# Task requirements:
Write the listing below out again word for word, without a single picture.

# Dataset records:
###
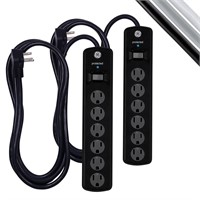 GE 6-Outlet Surge Protector, 2 Pack, 8 Ft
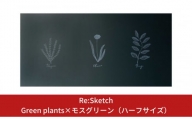 壁に貼るインテリア黒板 Re:Sketch Green plants×モスグリーン（ハーフサイズ）【040S009】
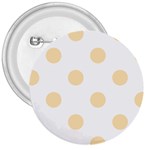 Polka Dots - Peach Orange on White 3  Button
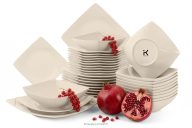 Quadratisches Essgeschirrset beige glänzend 12 Personen (36 tlg)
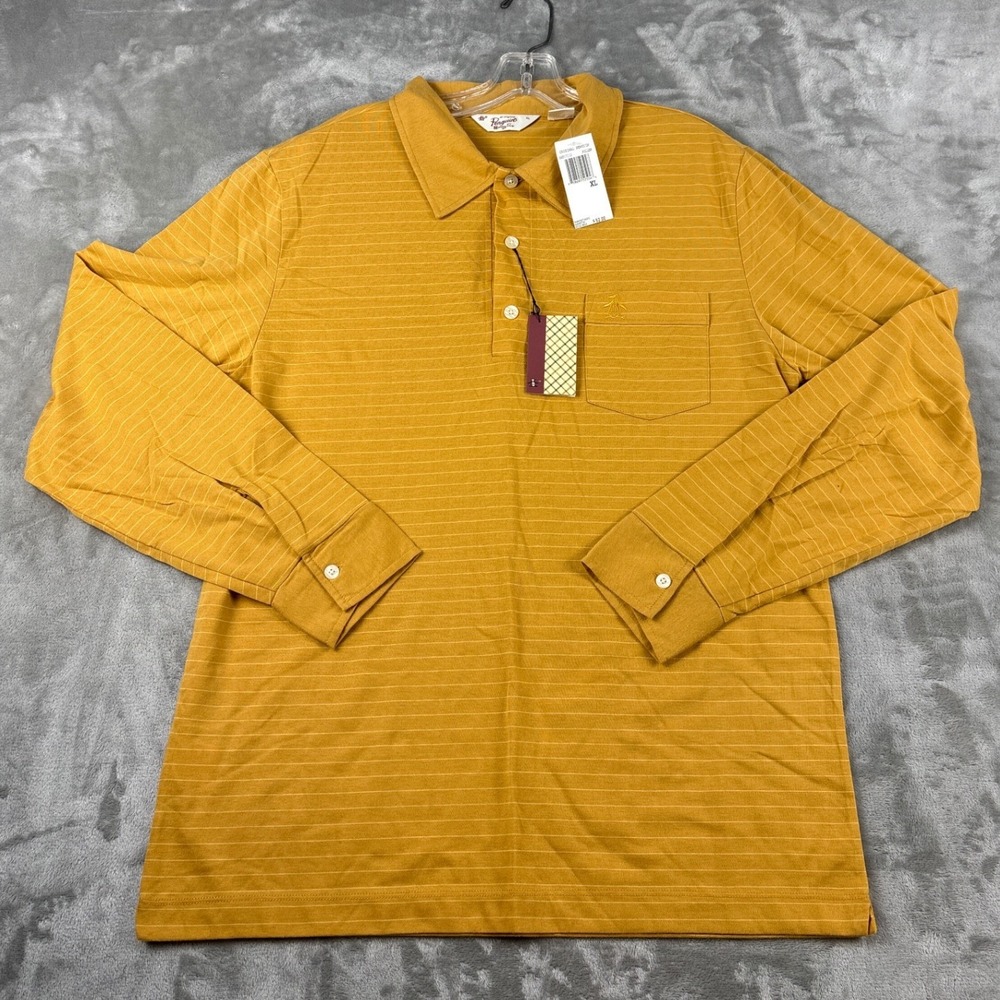 Original Penguin Mens XL Mustard Yellow Striped Long Sleeve Polo Shirt NWT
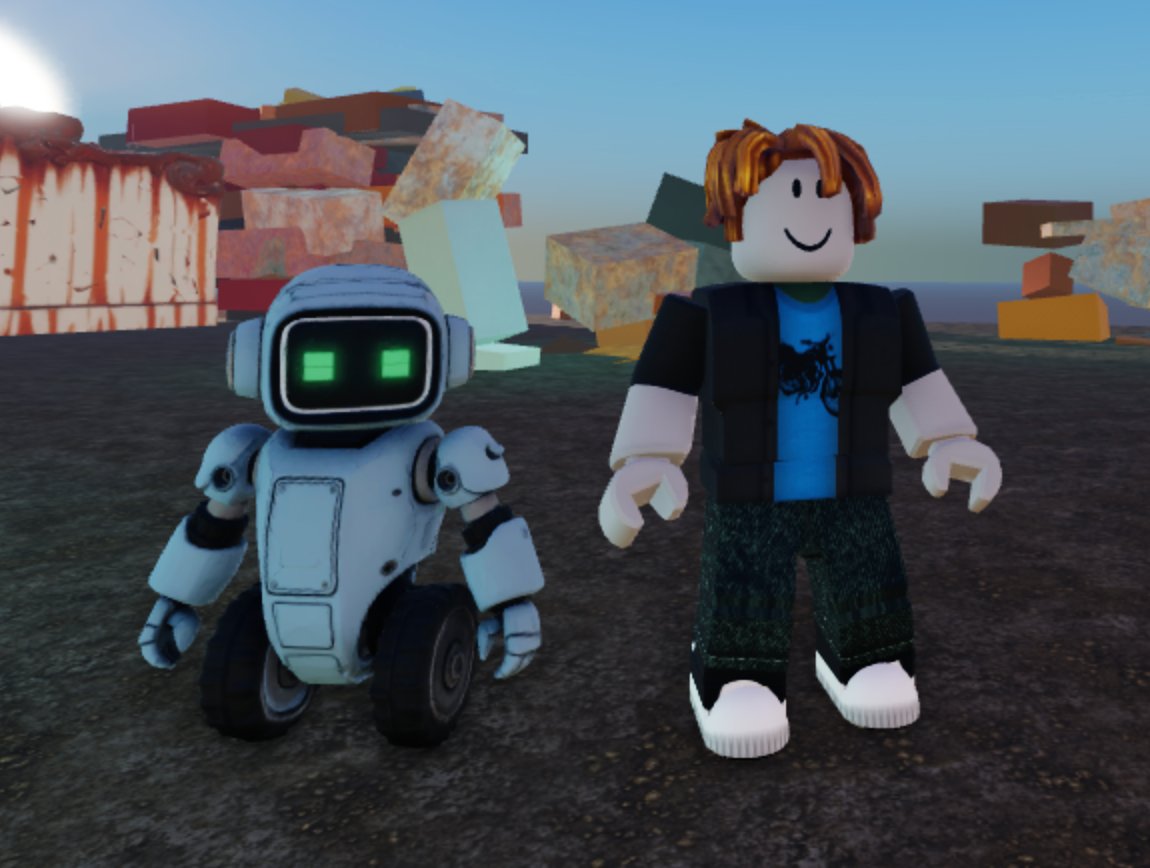 LS-1000 robot companion alongside player character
###
# Solution to the exercise:
 GE 6-Outlet Surge Protector, 2 Pack, 8 Ft
 壁に貼るインテリア黒板 Re:Sketch Green plants×モスグリーン（ハーフサイズ）【040S009】
 Polka Dots - Peach Orange on White 3  Button
 Quadratisches Essgeschirrset beige glänzend 12 Personen (36 tlg)
 Original Penguin Mens XL Mustard Yellow Striped Long Sleeve Polo Shirt NWT
 LS-1000 robot companion alongside player character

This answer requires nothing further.